The more these over-hyped retro-Victorian mega-narratives bully and console us, the more people seem to love them. Roll up! Roll up! The greatest show on earth! All human life is here! The rich, the poor, the humanity, the melodrama, the orchestra, the spin-offs, the sales! You can't escape people discussing how the new Harry Potter is "a fitting conclusion", or how The Wire is "the greatest television ever made", or how Bill Viola's new video piece at the Venice Biennale is a moving meditation on the frailty of the human condition.

Nobody is telling us the new Harry Potter, or the last series of The Wire, or Bill Viola's new triptych is great because it shares insight with Kafka or Beckett or T.S. Eliot. No, we make a big lacuna over everything artists told us in the 20th century -- stuff rooted in Nietzsche and Freud and the Futurists and the Surrealists and all that nihilist dynamite.

Instead, they're invoking Dickens. Now, I have nothing against Dickens -- it's amusing, if a little exhausting, to keep meeting a man with a funny name who proclaims "I'll eat my head!", or to weep over the death of Little Nell. But is rolling out the name of a 19th century writer really the best way to legitimize art being made now? Have we just decided to skip the 20th century entirely?

"Rowling understands that grief is part of what makes us wholly human, along with the ability to love and forgive and show remorse. And while magic is ultimately seen to have limits -- Death has its dominion, even at Hogwarts -- love does not." That's novelist Elizabeth Hand, writing about the new Harry Potter in the Washington Post.

I'm already disturbed, in that, by the idea that some humans are not "fully human". You can already see, right there, how this brand of "humanism" might be employed in an inhumane way. We have to work to be human? Some of us aren't?

The kind of big-canvas, 19th century humanism being touted here is secularized religion, and therefore teleological (does love really have no bounds? Does human life really only gain meaning from suffering, vicar?) and rhetorical, designed to sweep us along, sweep us away, make us cry. Hand tells us she wept at the end of the Potter book, which reminded her of Dickens.

Someone else who summons Dickens to validate a 21st century artifact is Jon Wilde, who salutes four series of cop show The Wire in a piece in The Guardian.

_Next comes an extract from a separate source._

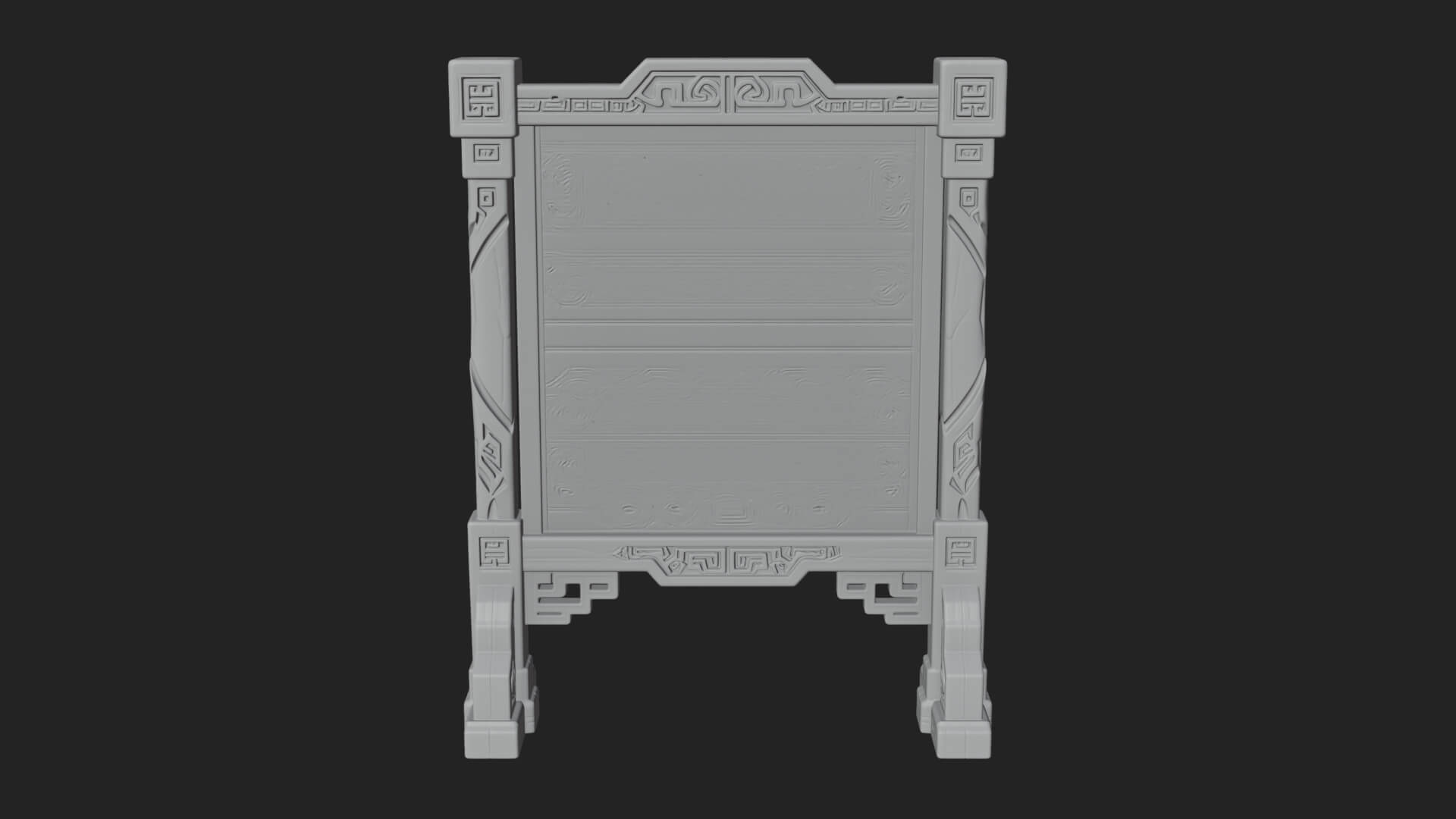 Oriental Scroll Board Model Design 4 3D Print Model 3D Model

"No other television drama comes close to the scope of its ambition," Wilde gushes. "As co-creator and executive producer David Simon says: "Our model when we started doing The Wire wasn't other television shows. The standard we were looking at was Balzac's Paris or Dickens's London, or Tolstoy's Moscow."

Woot! And yet... Is it really television's biggest and most laudable ambition to catch up, more than a century late, with the narrative and metaphysical models of the 19th century? Wilde adds that the Baltimore depicted in The Wire is a dark and hard place "not the fruitcakey world of John Waters movies". Good to know -- we wouldn't want any Waters (or any Oscar Wilde, for that matter) diluting our Dickens, would we? Who needs to hear about Baltimore from a homo-intellectual when they could have it described by "a former crime reporter and former homicide/narcotics cop"?

While Hand is lauding the Dickensian nature of the characters in the Potter book -- they have names like "Severus Snape" and you don't have to waste much time working out whether they're good or evil -- Wilde raves about the equally Dickensian-sounding "Bubbles, the most sympathetic character ever to appear in a TV drama... Bubbles breaks your heart every time he appears on screen... precariously holding onto his last scrap of dignity. I weep just thinking of him wheeling around his portable supermarket - a trolley piled with cheap toilet rolls and knock-off white T-shirts. More than any other character, Bubbles encapsulates the humanity at the heart of the show".

And all this weeping at the very thought of a character called Bubbles or Potter -- what would Brecht say? Is it really the mark of great art that it makes you weep uncontrollably? Are your 19th century tears making life any better for the poor?

The religiose, 19th century vocabulary of secular humanism gets wheeled out time after time to justify the greatness of mega-narratives. Humanity, hope, redemption, the human condition, moving, heart, dance. Sometimes it's commentators wheeling this creaky rubbish out as the ultimate justification and validation of works of art, sometimes it's the artists themselves. Take this Bill Viola interview about his video altarpieces at the Venice Biennale.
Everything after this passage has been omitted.